Владимир Набоков - Память, говори (пер. С. Ильин)
Дмитрий Николаевич Набоков, дед автора (18271904), министр юстиции (18781885).
Бабушка автора по матери, баронесса Мария фон Корф (18421926), в конце пятидесятых годов прошлого века.
Глава четвертая
1
В обиходе таких русских семей как наша – семей, ныне исчезнувших, – была, среди прочих достоинств, давняя склонность к удобным порождениям англо-саксонской цивилизации. Дегтярное лондонское мыло, черное как смоль в сухом виде, топазовое, когда мокрыми пальцами держишь его против света, было непременным участником утренних обливаний. Как приятно легчала раскладная английская ванна, когда ее заставляли выпятить резиновую нижнюю губу и изрыгнуть пенное содержимое в наклоненную бадью. “Мы не смогли улучшить пену, поэтому улучшили тубочку”, – гласила надпись на английской зубной пасте. За брекфастом привозимый из Лондона яркий паточный сироп, golden syrup, наматывался блестящими кольцами на вращаемую ложку, а оттуда сползал на деревенским маслом намазанный хлеб. Бесконечная череда удобных, добротных изделий текла к нам из Английского Магазина на Невском: кексы, и нюхательные соли, и покерные карты, и вырезные картинки, и в полоску спортивные фланелевые пиджаки, и белые как тальк теннисные мячи.
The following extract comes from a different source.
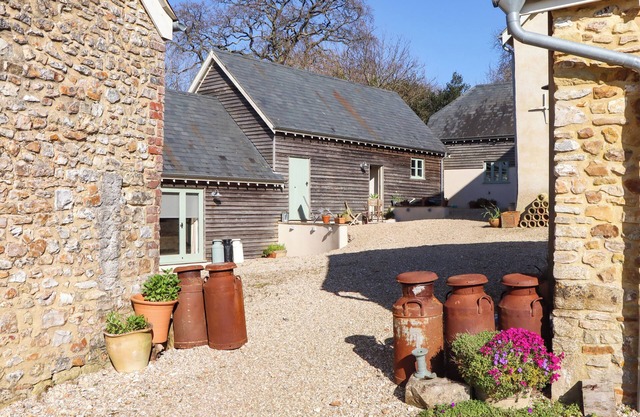 THE DAIRY AT WYKE FARM, romantic, with a garden in Lyme Regis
Я научился читать по-английски раньше, чем по-русски. Первыми моими английскими друзьями были незамысловатые герои грамматики: Ben, Dan, Sam и Ned. Много было какой-то смутной возни с установлением их личности и местопребывания – “Who is Ben?”, “He is Dan”, “Sam is in bed” и тому подобное. И хоть все это было сбивчиво и сухо (составителю мешала необходимость держаться – по крайности на первых порах – слов, состоявших не более чем из трех букв), мое воображение как-то управилось раздобыть необходимые данные. Туполицые, плоскоступые, замкнутые оболтусы, болезненно гордящиеся своими немногими орудиями (“Ben has an axe”), они вялой подводной походкой шагают вдоль самого заднего задника моей памяти; и вот, перед дальнозоркими моими глазами вырастают буквы грамматики, как безумная азбука на таблице у оптика.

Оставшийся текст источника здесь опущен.